Dia menatap saya sejenak, kemudian berkata dengan lebih serius, “Itulah yang saya katakan pada anak lelaki saya. Setelah setua ini, saya tahu bahwa kita lebih menyesali hal-hal yang tidak kita lakukan daripada hal-hal yang telah kita lakukan. Saya tidak ingin anak lelaki saya kelak menyesal karena tak pernah menikah. Sepahit apa pun sebuah pernikahan, rasanya lebih pahit ketika seseorang memandang masa lalunya, dan menyesali keputusannya untuk tidak menikah.”
“Well,” saya berkata perlahan-lahan, “saya tidak pernah memikirkan sejauh itu…”
Sekali lagi dia tersenyum keibuan. “Kau masih memiliki banyak waktu untuk memikirkannya, Nak. Omong-omong, hari sepertinya makin terang. Senang bercakap-cakap denganmu, tapi saya pasti sudah menyita waktu sendirimu.” Setelah itu dia bangkit, lalu pergi dengan langkah-langkah santai, meninggalkan saya yang duduk termenung bersama sebungkus rokok dan kopi yang mulai dingin.
Sepeninggal wanita itu, saya menghabiskan kopi di mug, dan kembali menyulut rokok. Saya masih terngiang-ngiang pada semua percakapan tadi. Saya tahu, ada lebih banyak hal yang kita sesali karena tidak pernah kita lakukan, daripada sebaliknya. Tiba-tiba saya menggigil. Bukan karena udara pagi yang dingin, tapi karena satu kesadaran yang tiba-tiba melintas di pikiran. Apa jadinya jika seumur hidup saya tak pernah tahu arti pulang, dan suatu hari kelak menyesalinya…?
Beberapa hari mendatang, pekerjaan saya di sini mungkin sudah selesai.
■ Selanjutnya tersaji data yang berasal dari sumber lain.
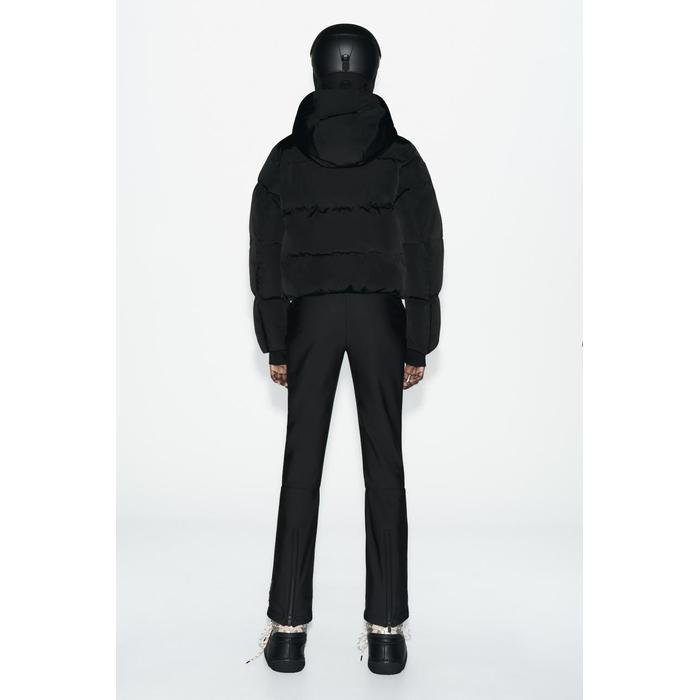 ПУХОВИК ИЗ КОЛЛЕКЦИИ SKI COLLECTION С ТЕХНОЛОГИЕЙ RECCO® ДЛЯ ЗАЩИТЫ ОТ ВОДЫ И ВЕТРА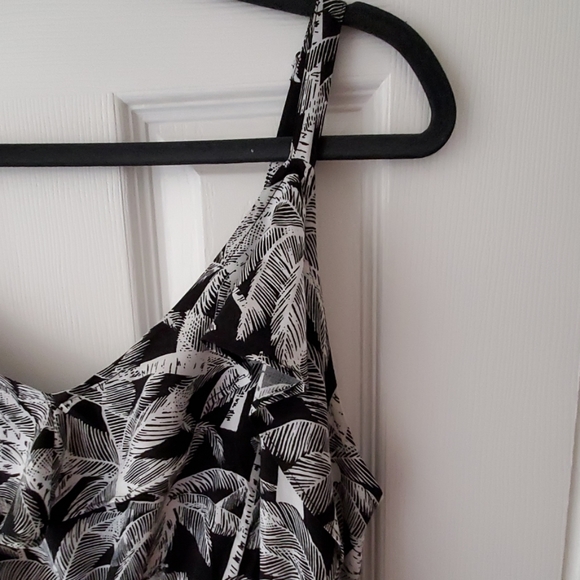 Torrid Summer Dress - Picture 3 of 6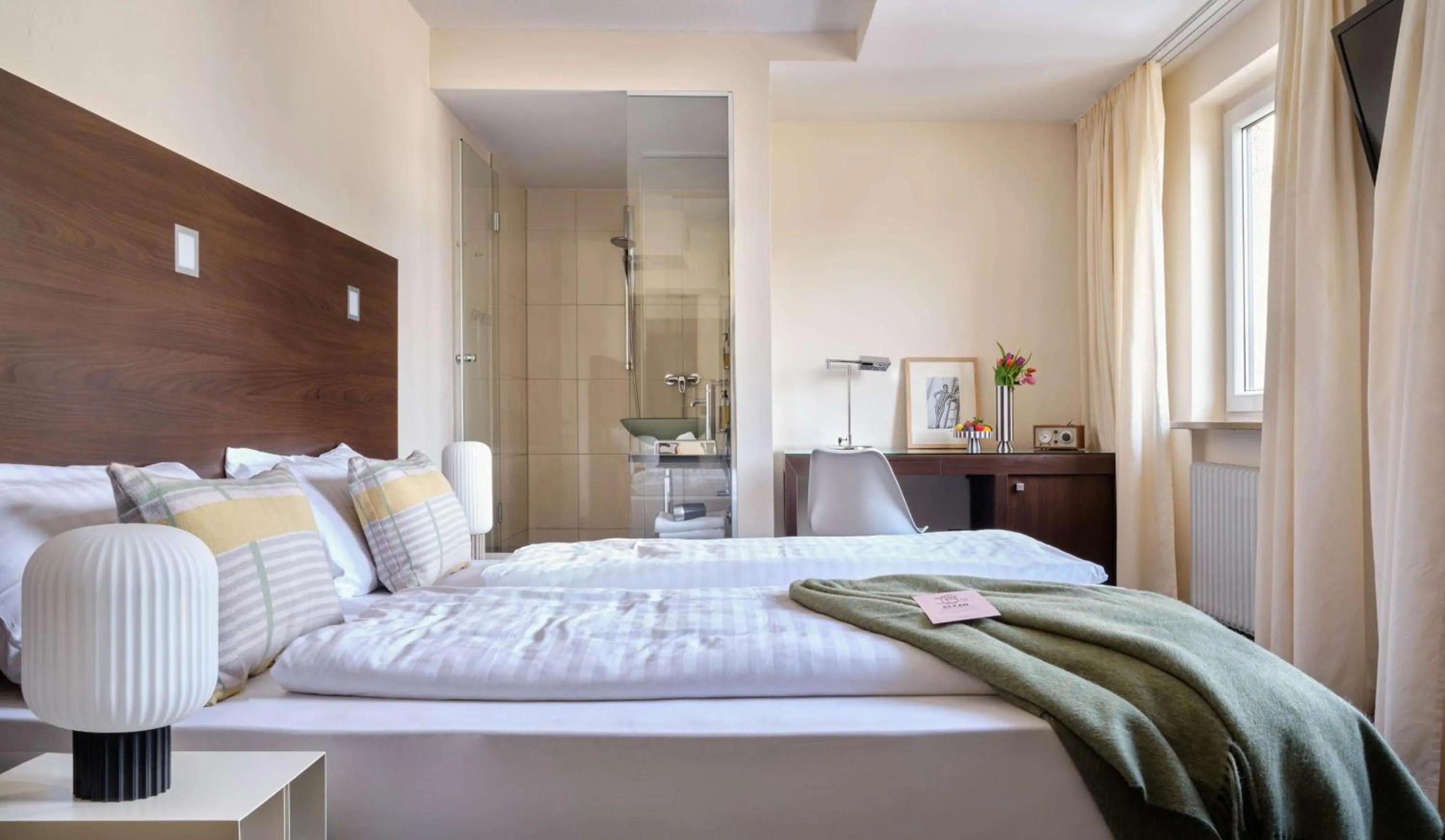 Bedroom, Bed in Flemings Hotel München-Schwabing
Dan setelah itu saya pun akan pulang. Apa yang akan saya dapati ketika pulang? Rumah yang kosong, dan tumpukan kerja yang siap menyongsong. Hari demi hari saya melewati semua rutinitas itu tanpa berpikir apa pun selain terobsesi pada pekerjaan. Dan sekarang, saya seperti dipaksa untuk keluar dari semua itu dan melihat dari kejauhan… melihat diri saya sendiri.
Di antara asap rokok yang mengepul, tiba-tiba saya teringat pada percakapan Yinsen dan Toni Stark dalam film Iron Man. Ketika mereka berada dalam satu ruangan karena disekap penjahat di gurun pasir, Yinsen bertanya, “Apakah kau punya keluarga, Stark?”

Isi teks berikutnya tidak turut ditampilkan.